The research team calls the image reconstruction technique the team invented "virtual unwrapping" and described four main computational steps.
First, the team scanned the charcoal lump with an X-ray technique called microcomputed tomography. It's noninvasive — the scanning equipment doesn't touch the scroll — but the team writes that even the most delicate imaging technique "necessitates physical handling of the friable material." So, the curators had to be careful.
"The curators do all the work in handling the objects, and they are experts," explained lead author and computer scientist William Seales in an open reddit forum about the findings. The curators were from the Israel Antiquities Authority, where the scroll lives.
Once the first step was finished, the scroll's role in its own deciphering was over, and it went back into protective storage.
"I've been amazed at how careful and protective they are at moving things around and handling them," Seales wrote on reddit. "But I'm convinced that this is one of the safest kinds of analysis you can do, short of 'doing nothing.' "
Next, the team analyzed the X-ray data to figure out where one layer of the rolled-up animal-skin scroll ended and the next one began. Like a smashed Ho Ho in cross-section, the layers were deformed and stretched into different thicknesses. The team wrote an algorithm that basically guessed what each layer would look like, and then compared the data with that guess to map out where the actual layers began and ended.
Left: A cross-section image of the scroll, showing white lines representing the rolled and deformed layers. Right: A reconstruction of one layer.
They would keep tweaking the guess until it matched each part of each layer of the scroll, at which point they say "the surface detail, including cracks and ink evidence becomes visible."

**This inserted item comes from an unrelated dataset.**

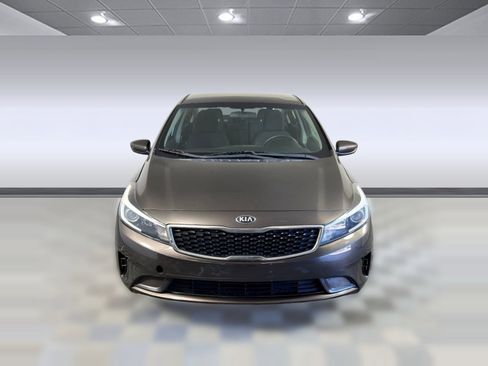 Used 2018 Kia Forte LX w/ LX Popular Package image 6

The third step was to analyze that ink, looking for letters. To do that, they wrote software that looked at every point on each layer and assigned a "brightness" level. Brightness is a fickle thing — it's all about how something looks relative to what is around it — but in this case the team compared how densely each point on the manuscript reflected X-rays.

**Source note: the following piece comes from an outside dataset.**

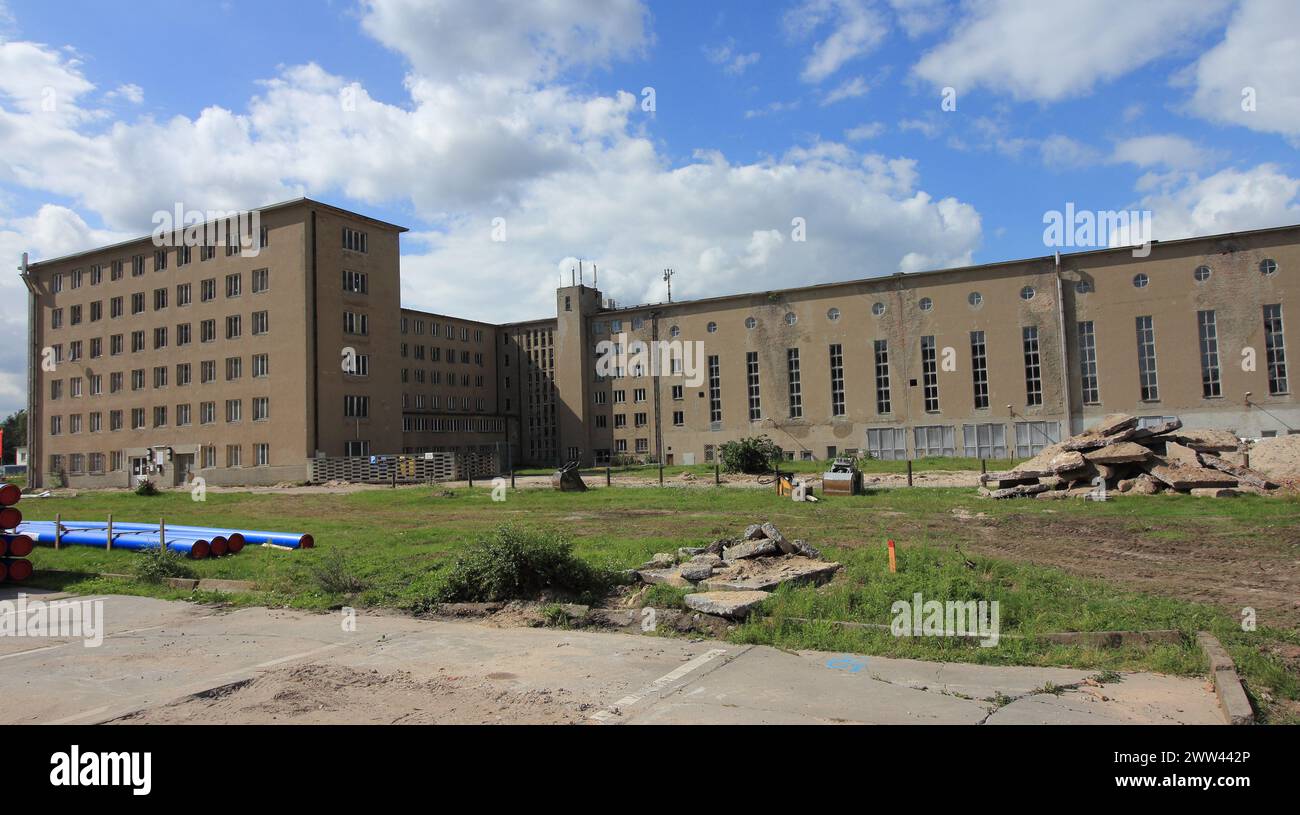 Prora wurde von Nazi-Deutschland als Badeort auf der Insel Rügen erbaut, die für ihre kolossalen touristischen Strukturen von Nazi-Planungen bekannt ist Stockfoto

The denser the reflection, the brighter the point. When the team members mapped out each point as a pixel, they ended up with a 3-D image of the seemingly illuminated letters, written in what they speculate is some kind of metal-rich ink.
"It is possible to 'see' ink-based text ... while avoiding the need for physical handling," the authors wrote in an introductory post on reddit.

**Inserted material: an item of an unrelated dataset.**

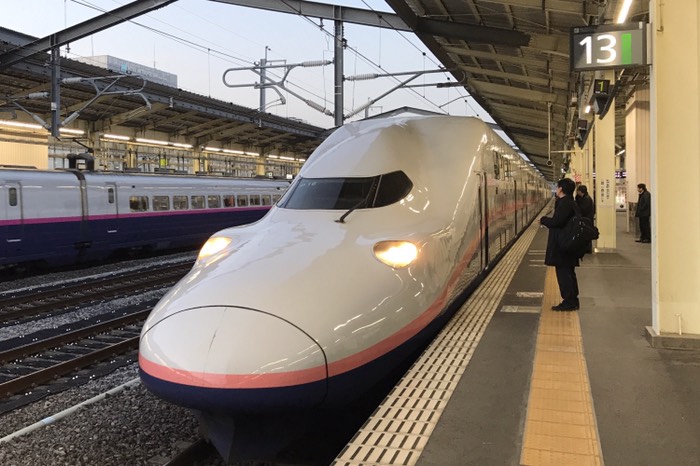 ココからMAXへ乗換♪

But the 3-D image of the text, still rolled up, was impossible to read. The letters were curved and stacked on top of each other in the model. For the final step of the analysis, the team turned the 3-D model into a 2-D page by virtually flattening it out.
The final image shows columns of light Hebrew letters against a dark background. Some of the words have large cracks running through them. Some sections are missing or damaged. But enough is intact for scholars at the Hebrew University of Jerusalem to identify sections of the book of Leviticus.
For those inclined to doubt the findings — after all, the scroll is unlikely to ever be unfurled for scholars to examine the text with their own eyes — the team says its method has the benefit of a clear "pipeline," so anyone can trace the algorithmic origin of each pixel in the final image. If a certain Hebrew letter looks strange, scholars can walk back each pixel to verify the contours of the letter.
Realistically, they write in the paper, "the traditional approach of removing a folio from its binding — or unrolling a scroll — and pressing it flat" to read it simply will not work on fragile manuscripts "that have been burned and crushed into lumps of disintegrating charcoal." Virtual X-ray reconstruction is the best technique available.
Because the computer science work was funded by public money through the National Science Foundation, the complete software will be released to the public next year as part of the grant agreement, co-author Seth Parker explained on reddit.
Seales and Parker hope the new imaging method will be similarly helpful for deciphering other artifacts, including scrolls damaged in Pompeii and Herculaneum. Asked by one reddit user how many other documents might benefit from this approach, Seales wrote that he did not know, but "Almost every library/museum has damaged things."